Now we have a hundred acres, much of it wooded, and we have plentiful firewood available, again for free.

In many areas you can get an inexpensive firewood permit to cut on State and Federal land. You can sometimes get a permit to follow loggers and cut slash, which is the leftover tops, smaller logs, and those that are too curved or forked to sell. We did this in Montana and our firewood only cost us $5 a cord. We were even able to save many sections of log for use on our fences.

If you do install or maintain a wood stove in your house, make sure it is installed correctly and that you examine and clean your chimney/stove pipes at least twice a year, more if necessary, to prevent deadly and very flammable creosote buildup inside the chimney.

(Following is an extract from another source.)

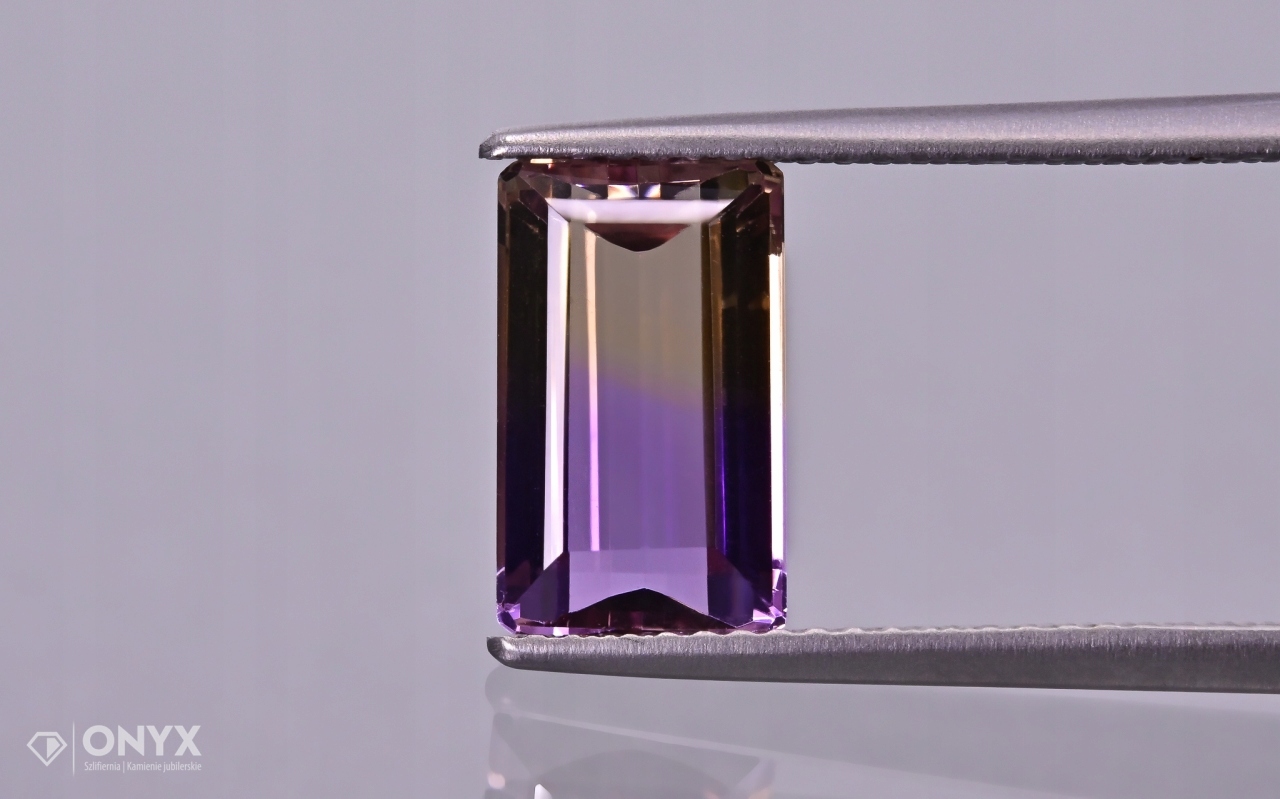 Ametryn fasetovaný oktagon 11x6,5 mm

If you don’t have the option of burning wood, you can still save a bundle every winter by making sure your home is insulated well and that all small cracks are caulked before the winter. Most old homes have single pane windows. If you can’t afford to replace them (one at a time, if necessary), at least fasten plastic over the outside to keep your home warmer. Even a tiny draft can suck the warmth from a room.

Energy costs

We have lived off grid for more than 20 years. Is electricity cheap? No, not yet. We have a few small solar panels that help charge our battery bank, but we still have to run our generator to charge them while we run water, wash clothes, or power our larger tools. And gas is expensive. As we add additional larger panels and a wind charger, our electricity will be cheaper. But to make it cheaper, we have had to learn to be conscious of every power usage and know what every electric appliance and tool draws, from cordless tool battery chargers to rechargeable flashlights and even the nightlight in the hall. We are conscious of every light on in the house and what it draws. (We have replaced all light bulbs with CFLs to save energy.) Any and all new appliances are Energy Star rated and we carefully weigh the energy use of each very thoroughly before we buy, whether it be a computer or a freezer.

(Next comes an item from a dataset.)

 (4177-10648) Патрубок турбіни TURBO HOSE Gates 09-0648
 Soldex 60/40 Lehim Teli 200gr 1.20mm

You don’t live off grid? Why not live as if you did? It seems a small thing to turn off lights when you leave a room or install a switch on your TV or computer so that when you stop using it, you switch it off so it won’t still draw energy. Combine all of these small savings and they’ll add up to big savings.

Taxes and credit cards

If you own a house or land there’s no escaping property taxes. But make sure to pay only your necessary share. If you raise any agricultural product to sell (it shows on your 1040: Schedule F, farm income and expense), it’s usually possible to claim your land as agricultural and get a lower tax base than if it is residential or timber. Check with your tax assessor to see what is available in your county. Also check into homestead taxes. In most areas, you are allowed a certain lower tax for a portion of your land if you live on it, as opposed to recreational or vacant land that you only visit periodically, for which you pay a higher tax. Pay what you owe and nothing more.

Absolutely the most important way you can save cash is not to use credit in any form. Pay off your credit cards, one at a time, until they are gone. If you must, save one and put it away in a safe, inaccessible spot for dire emergencies. Credit is a huge temptation to nearly everyone and it is all too easy to overspend using plastic. We replaced our credit cards years ago with a debit card. This gives us the convenience of a credit card (online purchases, fast check-out at the stores, nighttime gasoline purchases on trips, etc.), yet only allows us to spend what we have on hand in the bank. Credit card interest rates are horrible and you don’t “save” money by using one!

Overall, with plenty of care and planning, you can cut hundreds of dollars out of your yearly expenses. And this money saved can help you get your dream homestead and get you further along the path to self-reliance when you get there.